### Exercise material ###
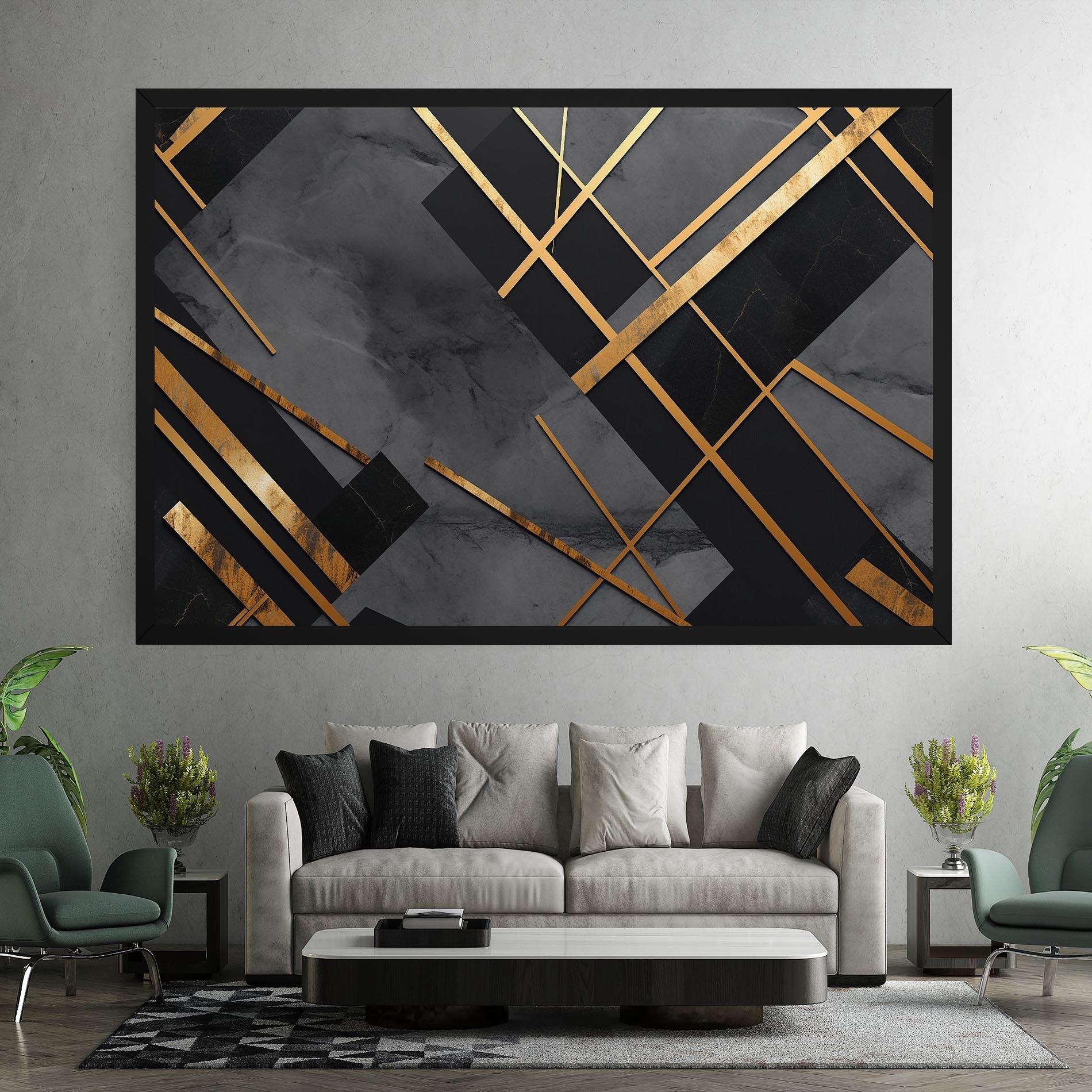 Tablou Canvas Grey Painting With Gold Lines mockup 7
###
### Exercise material ###
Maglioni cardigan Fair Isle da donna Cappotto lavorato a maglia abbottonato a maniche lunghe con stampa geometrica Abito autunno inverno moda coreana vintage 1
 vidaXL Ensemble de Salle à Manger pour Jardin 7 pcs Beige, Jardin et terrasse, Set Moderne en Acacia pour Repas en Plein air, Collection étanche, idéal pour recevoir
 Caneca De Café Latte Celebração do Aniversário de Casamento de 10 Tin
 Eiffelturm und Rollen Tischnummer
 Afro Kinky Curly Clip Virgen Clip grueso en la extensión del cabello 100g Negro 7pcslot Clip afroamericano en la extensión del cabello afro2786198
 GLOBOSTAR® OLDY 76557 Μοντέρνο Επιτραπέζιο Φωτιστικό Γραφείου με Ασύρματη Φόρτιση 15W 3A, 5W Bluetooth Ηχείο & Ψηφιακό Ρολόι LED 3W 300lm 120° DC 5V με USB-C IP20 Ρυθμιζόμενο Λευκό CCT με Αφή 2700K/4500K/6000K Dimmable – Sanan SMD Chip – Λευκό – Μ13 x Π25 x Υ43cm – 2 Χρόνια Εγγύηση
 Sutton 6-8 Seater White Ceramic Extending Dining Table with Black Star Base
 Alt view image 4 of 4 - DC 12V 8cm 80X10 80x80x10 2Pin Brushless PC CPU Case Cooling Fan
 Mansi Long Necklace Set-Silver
###
### Exercise material ###
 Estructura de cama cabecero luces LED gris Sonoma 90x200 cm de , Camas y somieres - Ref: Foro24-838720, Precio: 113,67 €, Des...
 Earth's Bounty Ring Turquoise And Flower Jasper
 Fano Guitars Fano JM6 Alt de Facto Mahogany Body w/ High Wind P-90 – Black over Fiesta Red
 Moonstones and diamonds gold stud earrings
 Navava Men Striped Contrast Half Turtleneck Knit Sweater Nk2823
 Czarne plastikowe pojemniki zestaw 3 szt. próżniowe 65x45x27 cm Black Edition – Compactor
###
#### Task prompt:
Begin with the line that has "vidaXL Ensemble de" in the listing above and end after the line that has "Mansi Long Necklace Set-Silver"; output those lines exactly.

#### Solution:
 vidaXL Ensemble de Salle à Manger pour Jardin 7 pcs Beige, Jardin et terrasse, Set Moderne en Acacia pour Repas en Plein air, Collection étanche, idéal pour recevoir
 Caneca De Café Latte Celebração do Aniversário de Casamento de 10 Tin
 Eiffelturm und Rollen Tischnummer
 Afro Kinky Curly Clip Virgen Clip grueso en la extensión del cabello 100g Negro 7pcslot Clip afroamericano en la extensión del cabello afro2786198
 GLOBOSTAR® OLDY 76557 Μοντέρνο Επιτραπέζιο Φωτιστικό Γραφείου με Ασύρματη Φόρτιση 15W 3A, 5W Bluetooth Ηχείο & Ψηφιακό Ρολόι LED 3W 300lm 120° DC 5V με USB-C IP20 Ρυθμιζόμενο Λευκό CCT με Αφή 2700K/4500K/6000K Dimmable – Sanan SMD Chip – Λευκό – Μ13 x Π25 x Υ43cm – 2 Χρόνια Εγγύηση
 Sutton 6-8 Seater White Ceramic Extending Dining Table with Black Star Base
 Alt view image 4 of 4 - DC 12V 8cm 80X10 80x80x10 2Pin Brushless PC CPU Case Cooling Fan
 Mansi Long Necklace Set-Silver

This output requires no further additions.